1.4. Nano/microrobots propelled by ultrasound:

Ultrasound-powered nanorobots hold great promise for targeted drug delivery. Gold nanowires are commonly used as carriers and are widely produced via template electrodeposition. A copper sacrificial layer creates a concave cavity that allows for propulsion; ultrasonic waves striking the cavity create pressure, which drives movement. Magnetic fields are also frequently used with ultrasonic propulsion to enhance control and navigation.

Victor et al. created an ultrasonic-powered, magnetically guided Au–Ni–Au nanowire motor that can move in any direction by modulating a magnetic field. The addition of a pH-sensitive PPy–PSS polymer section allowed for customized drug release in acidic environments ^[10,12].

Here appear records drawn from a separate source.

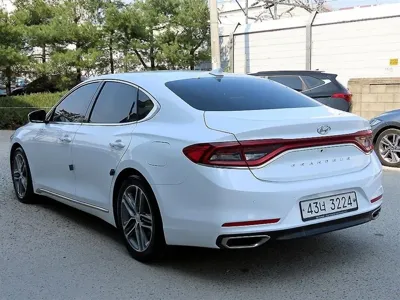 Hyundai Grandeur 2019, 114722 км, за 8526.98 USD
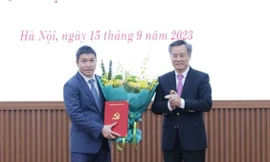 Triển khai quyết định của Ban Bí thư về công tác cán bộ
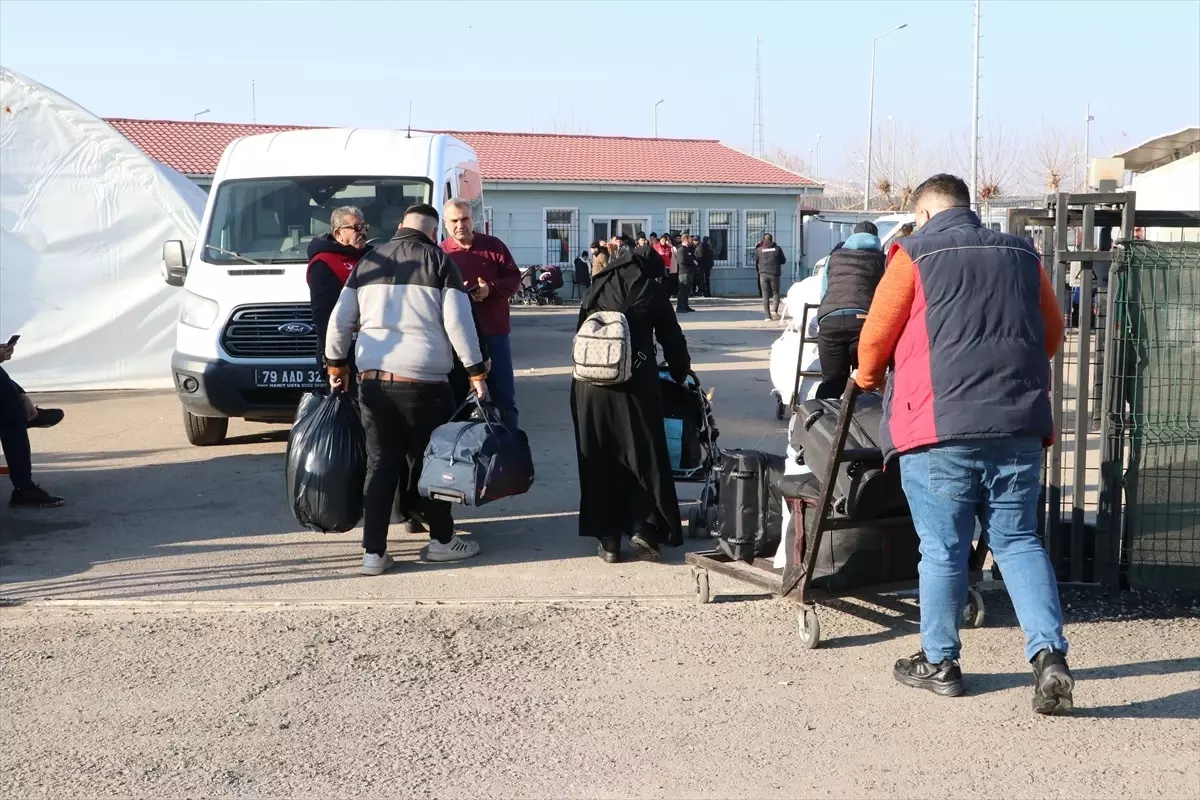 Suriyelilerin Türkiye’den Vatan Dönüşü Başlıyor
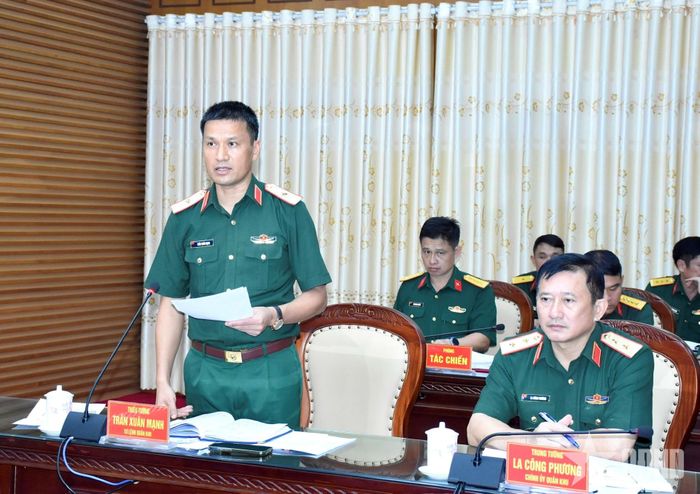 Thiếu tướng Trần Xuân Mạnh, Tư lệnh Quân khu 1 trình bày báo cáo tại buổi làm việc.
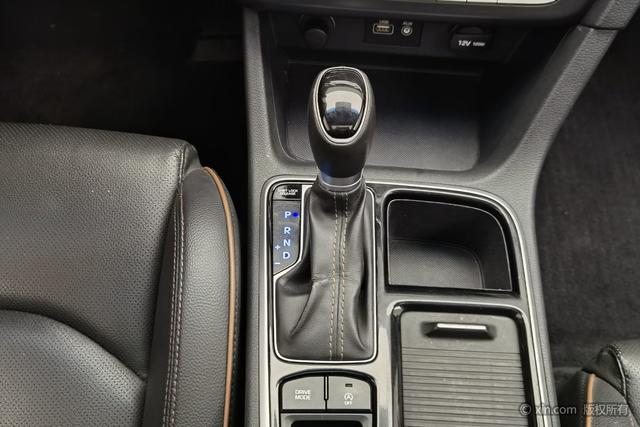 Hyundai Sonata 2018 1.6 T GLS V — фото 14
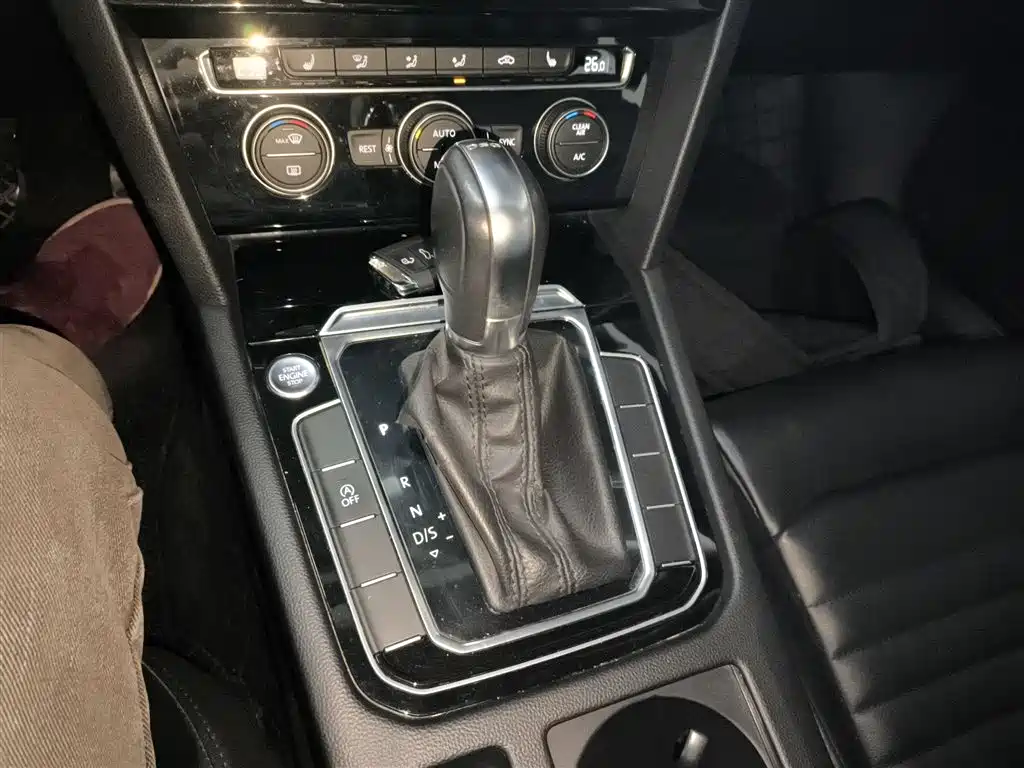 Volkswagen Magotan 2019 330TSI DSG Luxury Class China VI фото 14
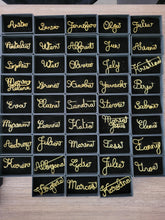 Charger l'image dans la galerie, Broche Prénom Personnalisée – Cadeau Fait Main en Fil d'Aluminium | Idée Originale pour Maîtresse, Marraine, Témoin, Femme, EVJF, Fête des Mères, Anniversaire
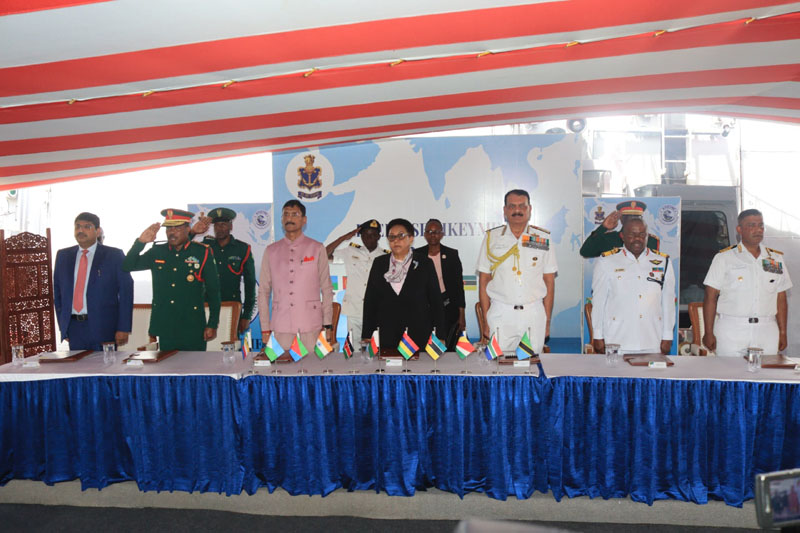 Hon'ble Defence Minister of Tanzania Dr. Stergomena Lawrence Tax, in presence of Hon'ble Raksha Rajya Mantri of India Sh – photo 12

1.5. Hybrid‑driven nanorobots :

Wang's group at the University of California created rod-shaped nanorobots made of porous metal using electrodeposition. Their porous design allows for up to 20 times higher drug loading than their planar metal counterparts. NIR light triggered the release of the medications, which, when driven by magnetic field-guided ultrasonic waves, efficiently destroyed tumor cells ^[6].

Beladi-Mousavi et al. created self-propelled Bi-based tubular microrobots for intelligent drug delivery ^[13]. The outer Bi layer carried the anti-cancer drug DOX, which was then delivered to cancer cells specifically with the aid of a nickel layer that provided magnetic guidance. Using an external magnet to guide the loaded microrobots to an electrochemical device allowed for rapid, on-demand drug release in a matter of seconds ^[14].

Other power‑driven nanorobots :

Xuan et al. ^[6,15] Demonstrated that nanorobots could move in a specific direction under NIR irradiation. Au half-nanoshells generated a thermal gradient that supplied self-heating energy to overcome Brownian motion, and the NIR light-powered Janus mesoporous silica nanomotor (MPCM@JMSNM) further utilized the macrophage membrane to enable selective binding to cancer cells.

2. ENDOGENOUS POWER DRIVEN MICRO/ NANOROBOTS :

These nanorobots primarily use chemical or biological processes to propel themselves. Due to their asymmetry and catalyst coating, these systems continuously absorb chemical energy from their surroundings. One popular redox-based propulsion technique is the decomposition of hydrogen peroxide, which generates propulsion when it is easily broken down into water and oxygen by metal, enzyme, or alkaline catalysis. Several nanorobot designs have employed this technique, including vascular polymers, hollow Janus particles ^[10,16], and bimetallic nanorods ^[17].

2.1.Biological‑driven nanorobots :

They are made from synthetic materials and living microorganisms, or cells. In biohybrid micro-/nanorobots, microorganisms like bacteria and sperm that move under the influence of flagella could serve as an engine. Furthermore, the unique capacity of sperm to interact with bodily cells may significantly impact the safety and biocompatibility of micro- and nanorobots. A biohybrid robot with four limbs and a 3D-printed magnetic tubular substructure uses a mobile sperm cell as both a drug carrier and a power source^[18].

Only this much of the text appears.